1. Please add a post-hoc sample size analysis to determine the robustness of this comparison.

2. Since the period is long, which may introduce bias of learning-curve, please mention the number of senior surgeons involved in the procedures, 

3. Please directly add a table of basic characteristics comparison between two groups, so as to eliminate confounders. If there are factors significantly different between two groups, correlation/regression analysis is necessary.

Author Response

We thank the reviewer for pointing very important issues that otherwise would have affect the quality of the paper.

Point 1: Please add a post-hoc sample size analysis to determine the robustness of this comparison.

Reply to point 1: Post-hoc sample size analysis result stated in green in lines 187-189.
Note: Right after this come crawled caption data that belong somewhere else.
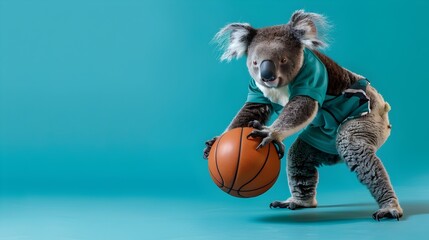 Cute Koala in Sports Clothes Playing Basketball on Turquoise Background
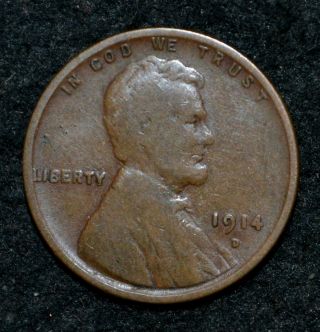1914 - D Lincoln Cent Very Good To Fine Color photo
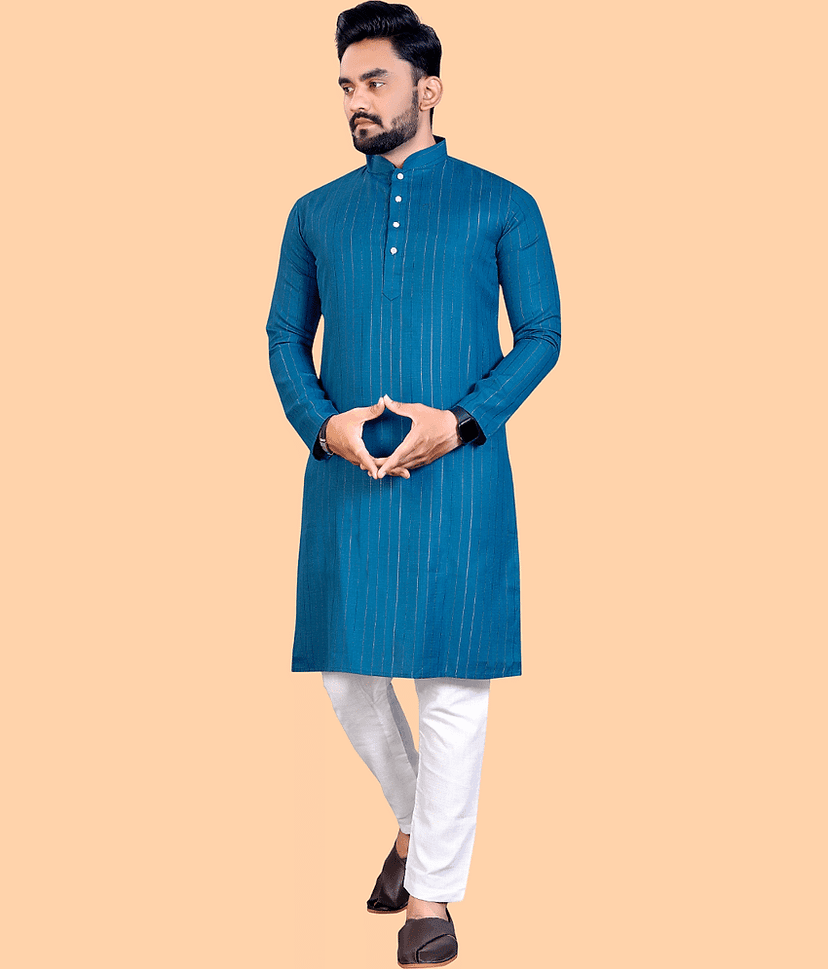 YUG ART - Olive Green Cotton Regular Fit Men's Kurta Pyjama Set ( Pack of 1 )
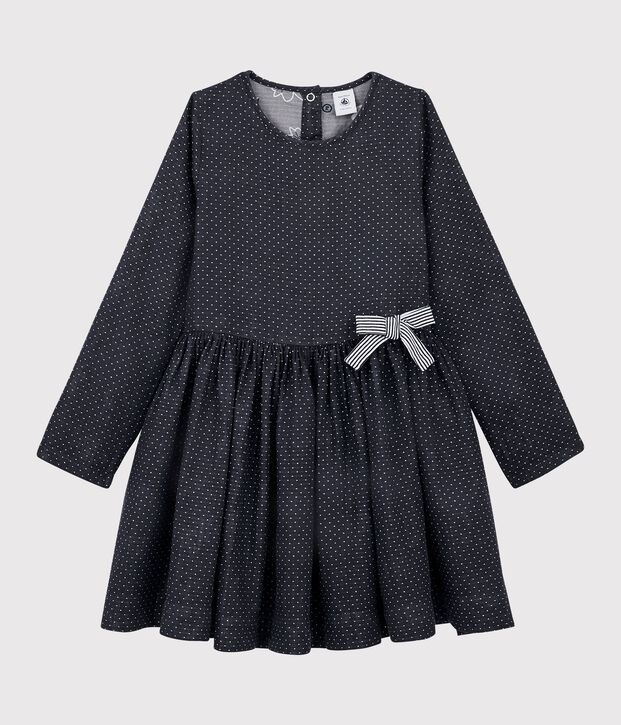 Lang&auml;rmeliges Kinderkleid f&uuml;r M&auml;dchen blau/weiss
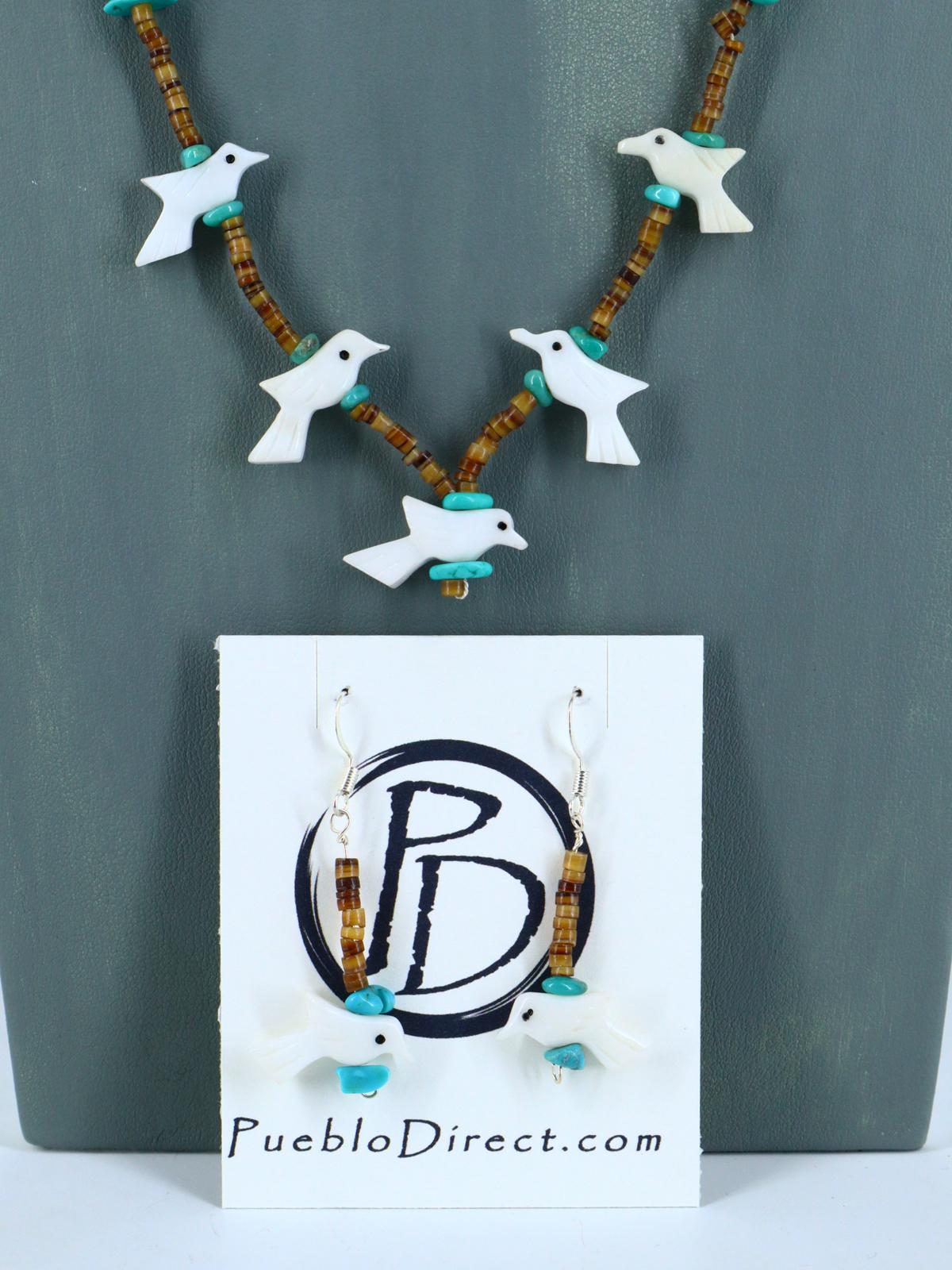 Native American White Marble Zuni Fetish Carved Bird Necklace Set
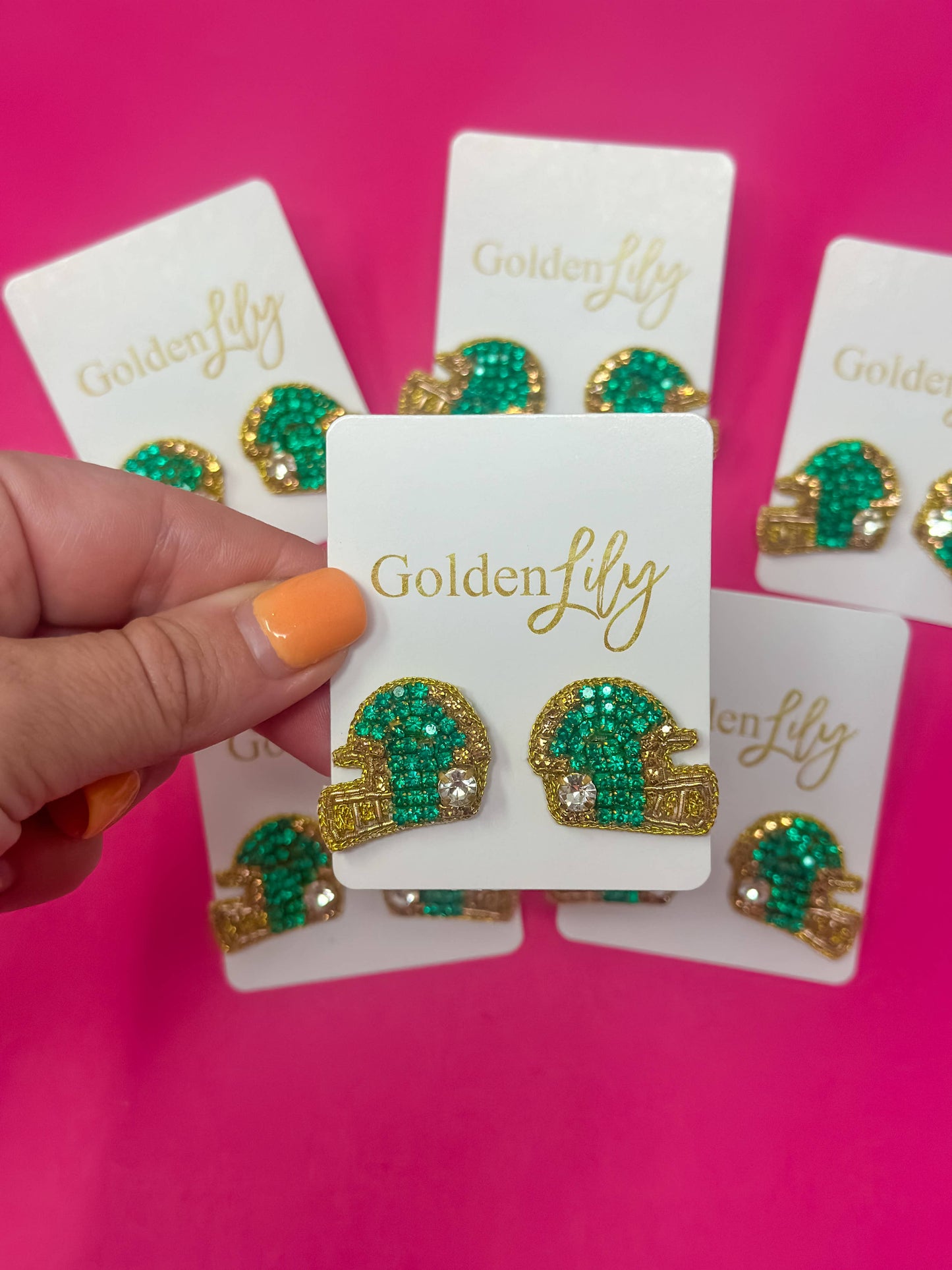 Game Day Helmet Stud Earrings - Green and goLD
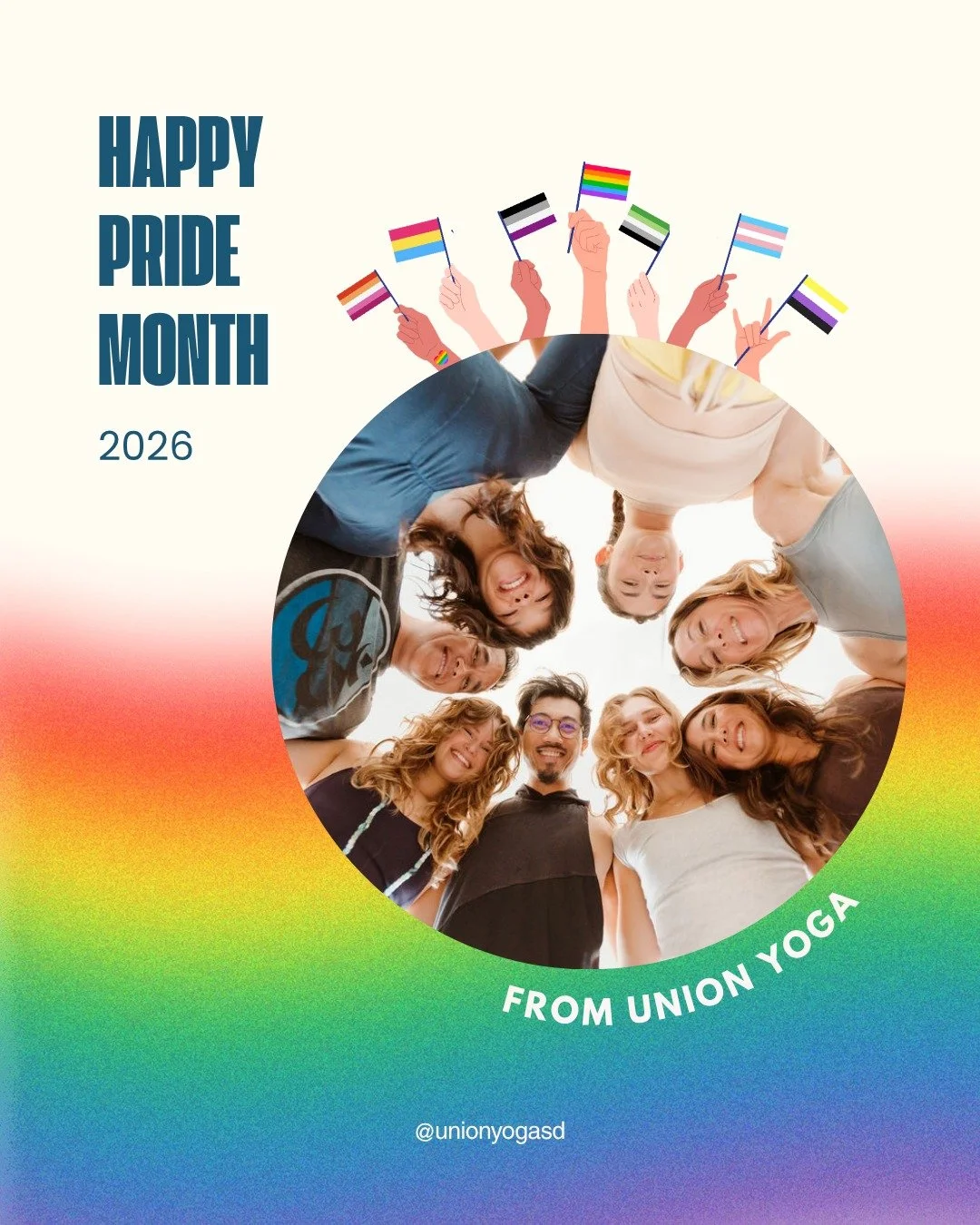 Union Yoga is and will always be a space where everyone is welcomed, celebrated, and seen. Today and every day 🌈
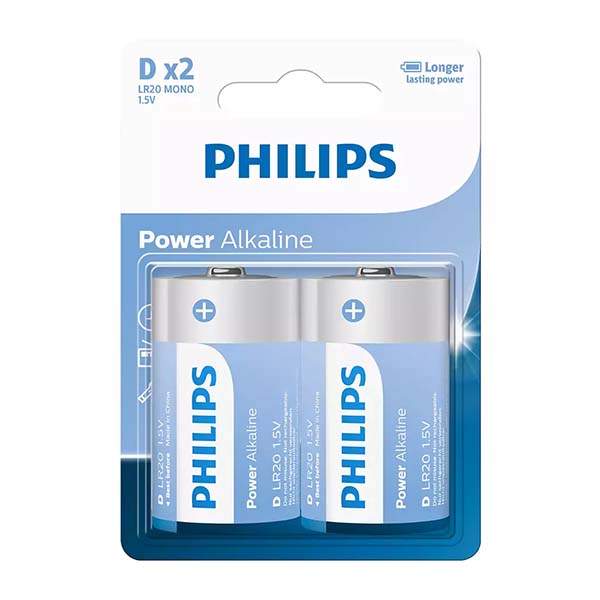 POWER ALKALINE BATTERY D 2 X PACK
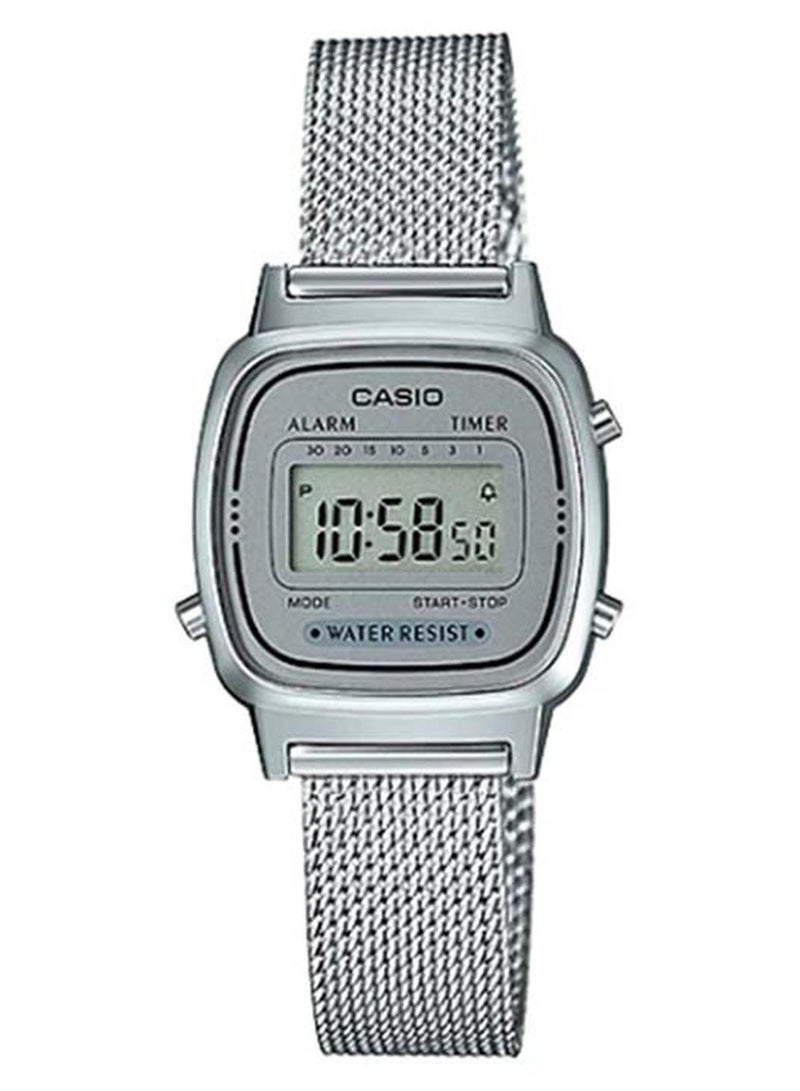 كاسيو ساعة يد رقمية بسوار من الإستانلس ستيل طراز LA670WEM-7DF مقاس 25 مم - لون فضي للنساء - Image 1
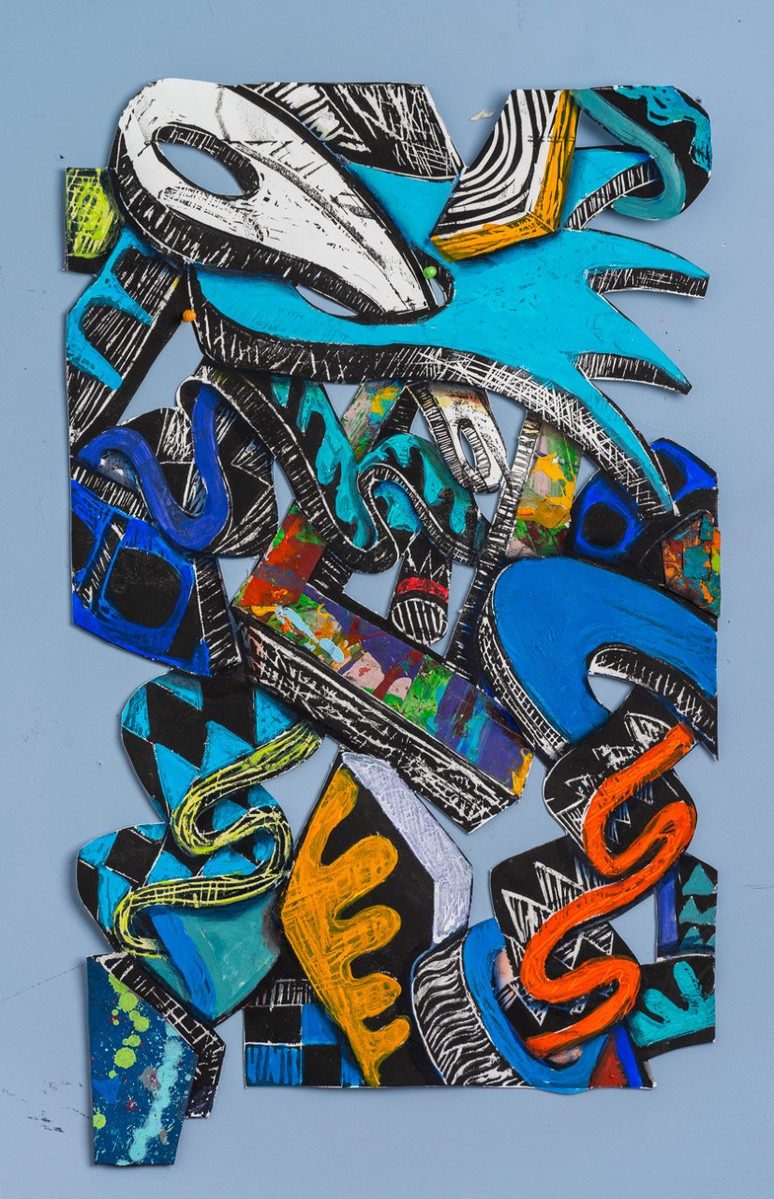 Livin Through the Process II Framed 33x41 2022-Abstract cutout art piece on paper with cool colors and shapes. This piece has mostly blue and  hints of warm colors such as orange.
Point 2: Since the period is long, which may introduce bias of learning-curve, please mention the number of senior surgeons involved in the procedures.

Reply to point 2: Integrated the text in green lines 104-105.

Point 3: Please directly add a table of basic characteristics comparison between two groups, so as to eliminate confounders. If there are factors significantly different between two groups, correlation/regression analysis is necessary. 

Reply to point 3: We included all basics characteristics and type of resection for each patient in Table 2. In our opinion the characteristics of patients do not significantly differ between 1A resection patients and patients who received other resections considered all together.

 

Round 2

Reviewer 1 Report

All issues I raised have been addressed appropriately.  I think authors made good efforts to improve the manuscript.